Somewhere & Lost in translation – Sofia Coppola – 2011/2004

Somewhere   6.5  Les similitudes entre les deux films sont nombreuses, évidentes et Sofia Coppola, tout en continuant à faire le même film, à creuser sa thématique de l’ennui depuis Virgin suicides, trouve une fois encore un rythme, une ambiance si singulière, allant à l’encontre du marché cinématographique hollywoodien actuel.

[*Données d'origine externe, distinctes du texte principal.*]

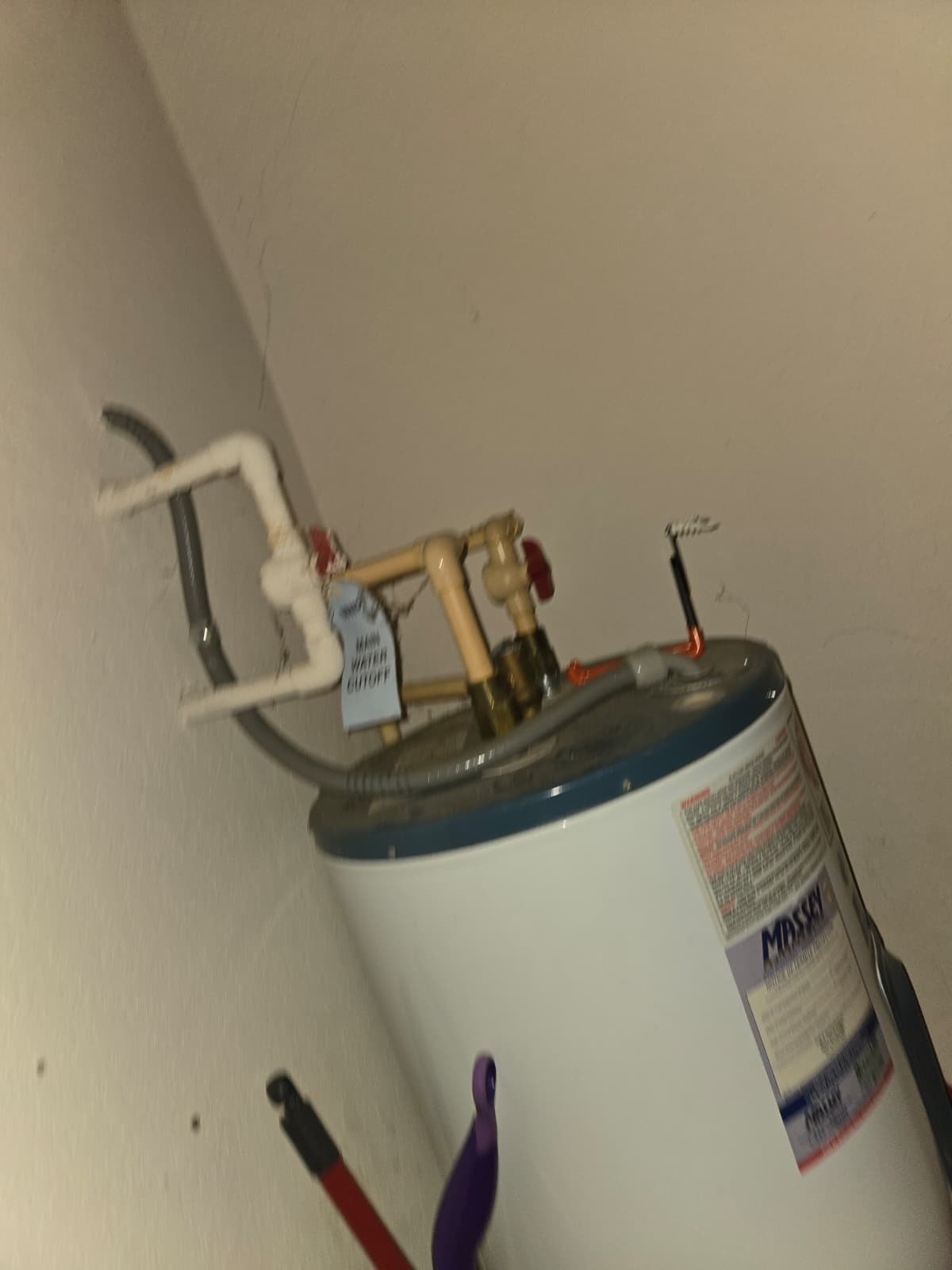 Old 2005 water heater inspected during plumbing evaluation in Riverview, FL 33578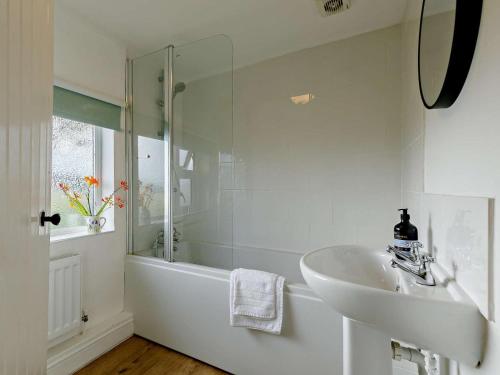 a white bathroom with a sink and a shower at 3 Bed in Pershore oc-92975 in Eckington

     Johnny Marco est un acteur en vogue, se la coulant douce au Château-Marmont, à Los Angeles, où il se promène au volant de son bolide, se paie des gogo-danseuses, sirote des bières et va aux interviews presse et autres séances photos. Sofia Coppola filme certaines séquences dans leur quasi-intégralité, comme la danse des jumelles dans la chambre, une bière dans son salon, une virée sur Sunset boulevard justement parce qu’il n’y s’y passe rien. Elle ne tente pas de grandes choses de mise en scène, elle se contente de suivre le personnage, de l’accompagner dans son ennui, dans la répétition de ce quotidien, jusque dans sa douche, qu’il doit prendre le bras gauche en l’air pour ne pas mouiller son plâtre, ou même jusque dans son lit lorsqu’il zappe sur toutes les chaînes. Jusque dans les figures Lost in translation et Somewhere sont en miroirs. Le plâtre pour l’un, l’orteil noir pour l’autre, les personnages sont fragilisés. La présence de la piscine comme lieu d’évasion. Les chaînes télé qui ne passent les films étrangers qu’en version nationale. L’hôtel dans chaque film comme protection du monde autant qu’il enferme ses personnages dans leur solitude. Les personnages des deux films ont des points communs mais sont très différents. Bob Harris d’un côté et Johnny Marco de l’autre. Deux acteurs d’Hollywood. La déchéance à petit feu de l’un, la notoriété montante de l’autre. L’humour de l’un, l’effacement de l’autre. L’un est marié mais son couple vacille plus ou moins, l’autre est séparé et s’occupe comme il peut avec des filles de passage. Puis deux rencontres. Enfin, deux personnages féminins qui entrent presque dans leur quotidien. Une jeune femme fraîchement diplômée pour l’un qui a échoué dans le même hôtel que lui pour avoir suivi son mari, photographe reconnu. Une jeune fille qui rejoint son père le temps d’une semaine, pendant que sa mère fait un point sur sa vie. Chaque être est à fleur de peau, proche de l’abandon et trouve un simple réconfort dans le partage des activités, du temps passé ensemble.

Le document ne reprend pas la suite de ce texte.